Kildare, Ireland: On a misty autumn afternoon in the heart of Irish horse country, big Teo has come in from his lush paddock early to meet an Australian admirer.
He still has a cocky strut about him, clomping about on the cobblestones, even at his more mature age of 20. It’s been a long time since he was a champion on a racecourse – unbeaten from just five starts – but his handler Jamie Smith says this horse knows he still has star power.
“He’s a bit of a cheeky bugger,” Kildangan Stud’s stallion man says. “He’ll act up a bit when he sees people are around, but if you respect him, he’ll respect you. He’s the boss around here. Everyone else knows their place around him.”
Teofilo – by Galileo from Speirbhean by Danehill from Saviour by Majestic Light – is a Melbourne Cup icon despite having never stepping a hoof on Flemington’s famous turf. You might not have heard of him, but you’ve almost certainly heard of his sons.
No stallion has sired more Cup winners than him in modern times. When Without A Fight stormed to a two-length victory last November, Teofilo joined the greats of Sir Tristram, Monsun and Zabeel in siring three different Melbourne Cup winners, after Cross Counter in 2018 and Twilight Payment in 2020.
Named in honour of the great Cuban heavyweight and triple Olympic champion boxer Teofilo Stevenson, the handsome bay colt who grew to be 16.2 hands high rules at Kildangan, which since 1986 has been home to the Irish-based stallions of the Darley-Godolphin breeding and racing empire.
In a sport which rarely places romance ahead of economics, his status owes much more to just winners and returns. That’s because six years ago Teofilo delivered a momentous first, in the shape of a first Cup for Sheikh Mohammed bin Rashid Al Maktoum, a previously elusive prize that the ruler of Dubai and vice president of the United Arab Emirates had been chasing for four decades.
“He very much has pride of place here,” says Kildangan’s nominations manager Eamon Moloney, my enthusiastic guide around a farm extends to almost 600 hectares, which accommodation for more than 400 horses. “He means a lot to all of us.”
Moloney is a big fan of Teofilo, having worked with him for many of his 17 years spent continuously here, where he still grosses at least $2 million a year in stud fees and his global impact continues to grow. He has now sired just shy of 800 winners of nearly 2300 races worldwide, including around 120 winners of 240-odd so-called “black-type” or group/grade and listed races.
“He’s the most extraordinary horse and I still wish he got the credit he deserves.

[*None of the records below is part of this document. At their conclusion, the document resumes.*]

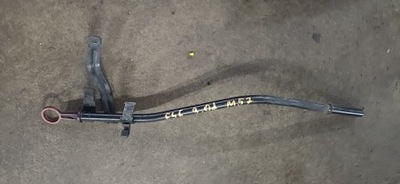 Bmw e46 3.0d m57 щуп щуп оливи фото №1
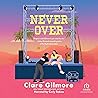 Never Over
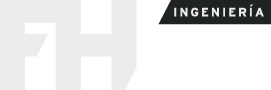 FH INGENINERÍA
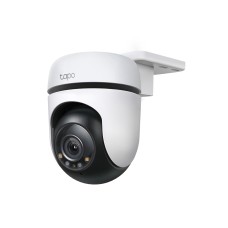 IP-камера TP-Link Tapo C510W, раздел Дом и офис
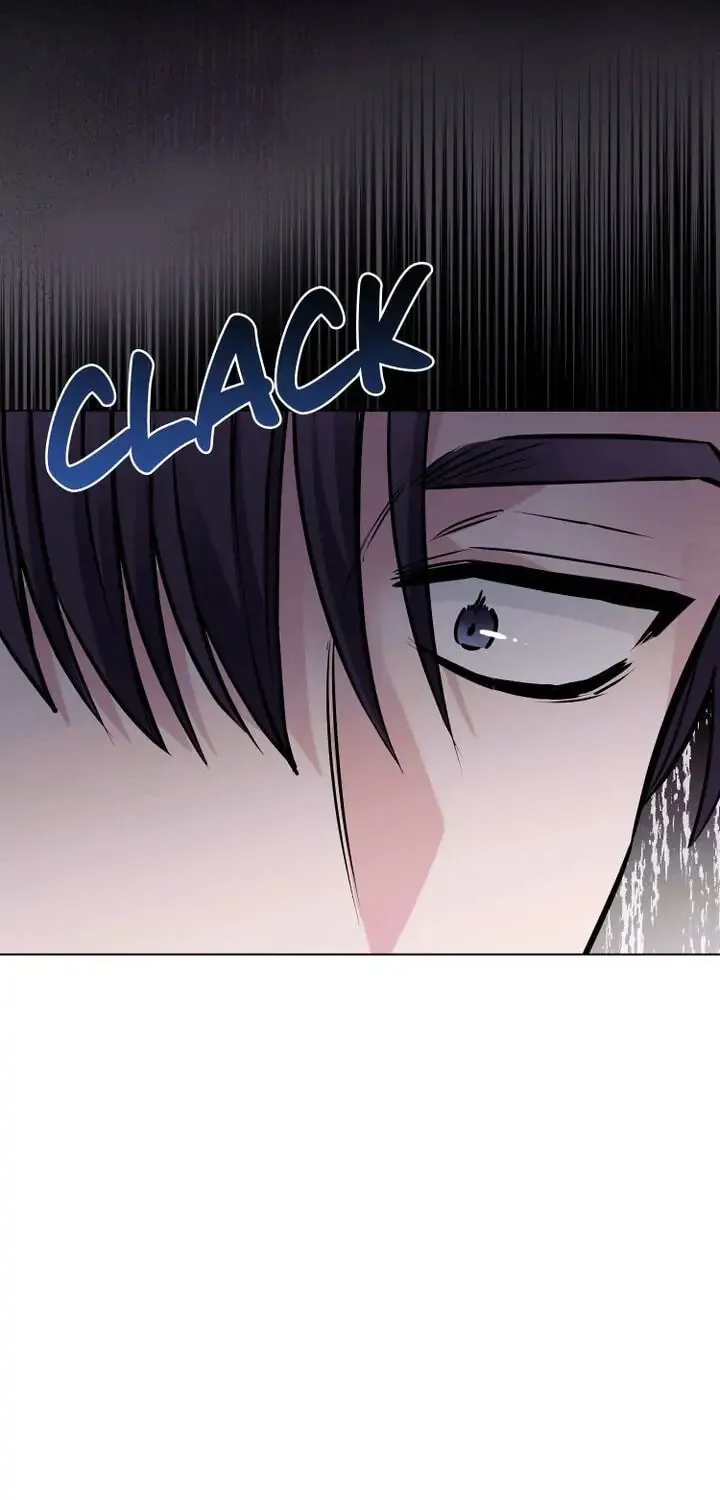 Read Finding Camellia chapter 26 image 47 on Lezhin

Although I think that’s beginning to happen now through his Melbourne Cups,” Maloney says.
“He’s a big, substantial and tough sort of a horse, but there’s a gentle giant behind it.”
Bred and trained by legendary Irish trainer Jim Bolger – a mentor to modern-day master Aidan O’Brien – Teofilo blazed a trail in his juvenile season winning the best races for two-year in Ireland and England as a two-year-old, racing solely at 1400m. A subsequent injury in the spring of 2007 meant that racing fans could only guess at what he might have achieved at aged three and beyond.
Moloney says he’s still a quality lover, even he doesn’t quite have the stamina of his youth. Teofilo’s stallion fee remains at €30,000 ($49,641.00). Unlike some stallions, it hasn’t fluctuated that much over the years.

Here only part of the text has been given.